§ Problem
Print, exactly as they stand, the lines below from the one that has "AeroCool Cs-105 Blue" to the one that has "Радиальный закрепляемый шарикоподшипник", inclusive, leaving out the pictures.

§ Dataset extract
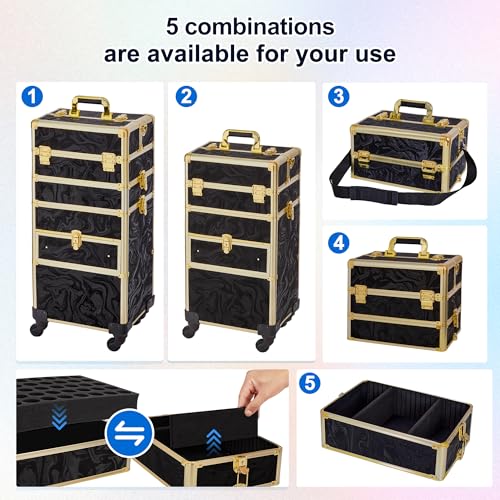 Somduy Rolling Makeup Case with Drawer, Makeup Train Case, 4 in 1Cosmetology Case on Wheels, Christmas Gift, Large Makeup Organizers, Profesional Cosmetic Case for Salon Barber, Pattern Black Gold - color: Black Gold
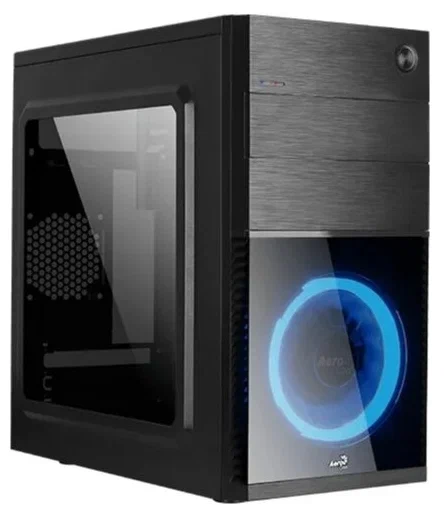 AeroCool Cs-105 Blue (USB3.0, Audio, Blue Led, черный)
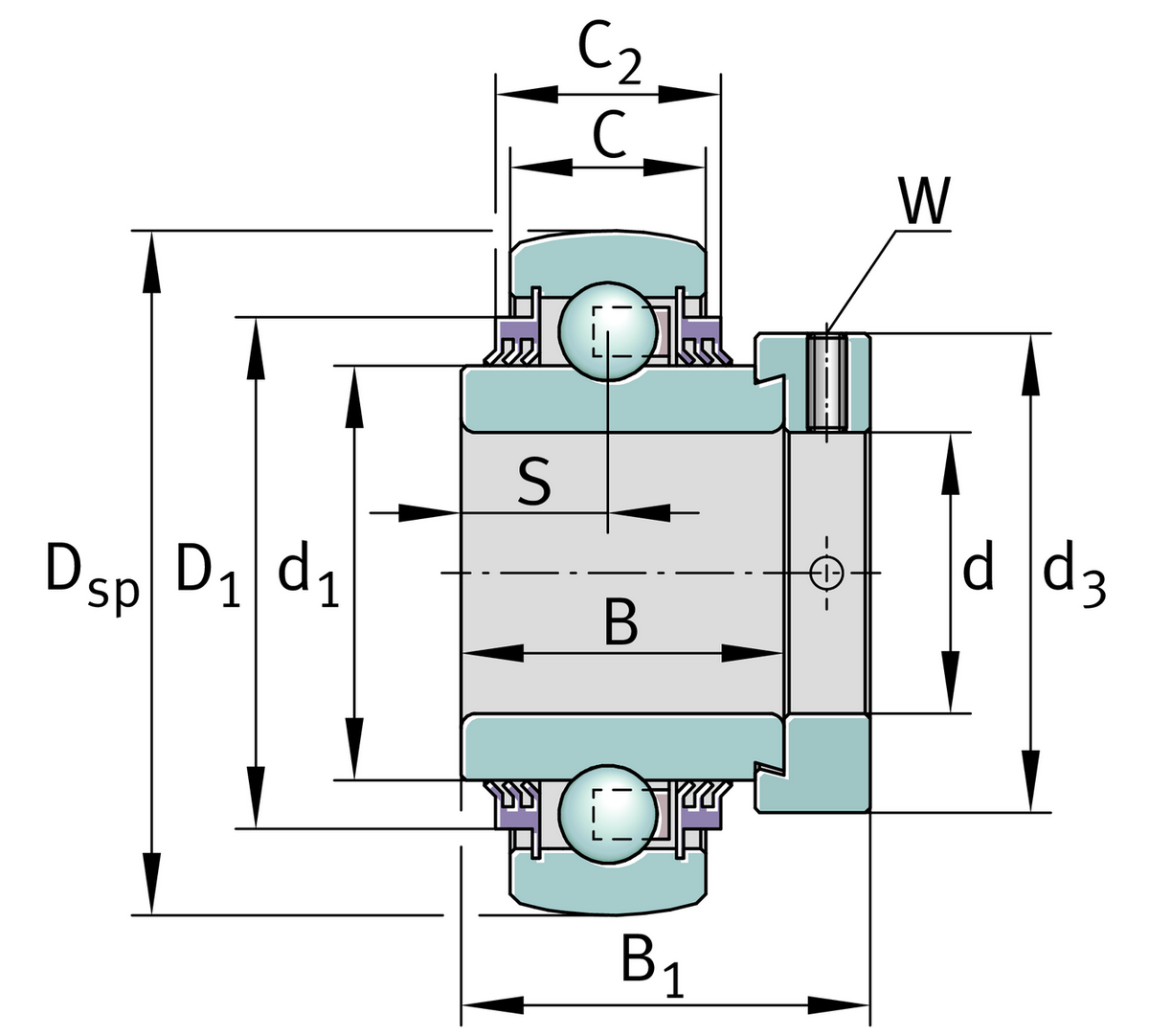 Радиальный закрепляемый шарикоподшипник INA E50-KTT-B-L285/70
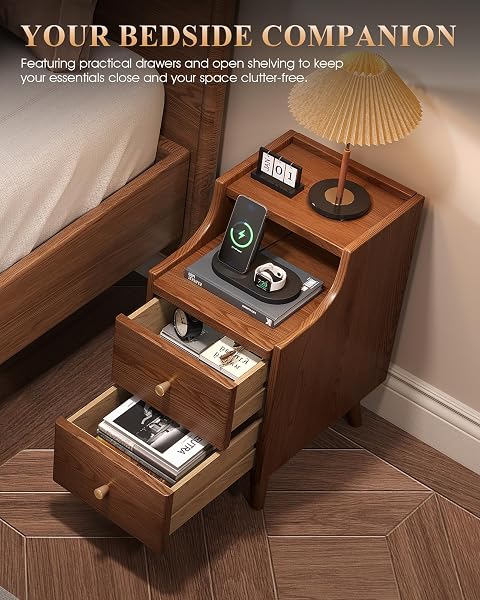 NARROW NIGHTSTAND WITH DRAWERS, 11.8″ SLIM SOLID WOOD BEDSIDE TABLE WITH OPEN SHELF & CABLE HOLE, MODERN STORAGE CABINET FOR SMALL SPACES, SIDE TABLE FOR BEDROOM & STUDY, WALNUT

§ Exercise output
 AeroCool Cs-105 Blue (USB3.0, Audio, Blue Led, черный)
 Радиальный закрепляемый шарикоподшипник INA E50-KTT-B-L285/70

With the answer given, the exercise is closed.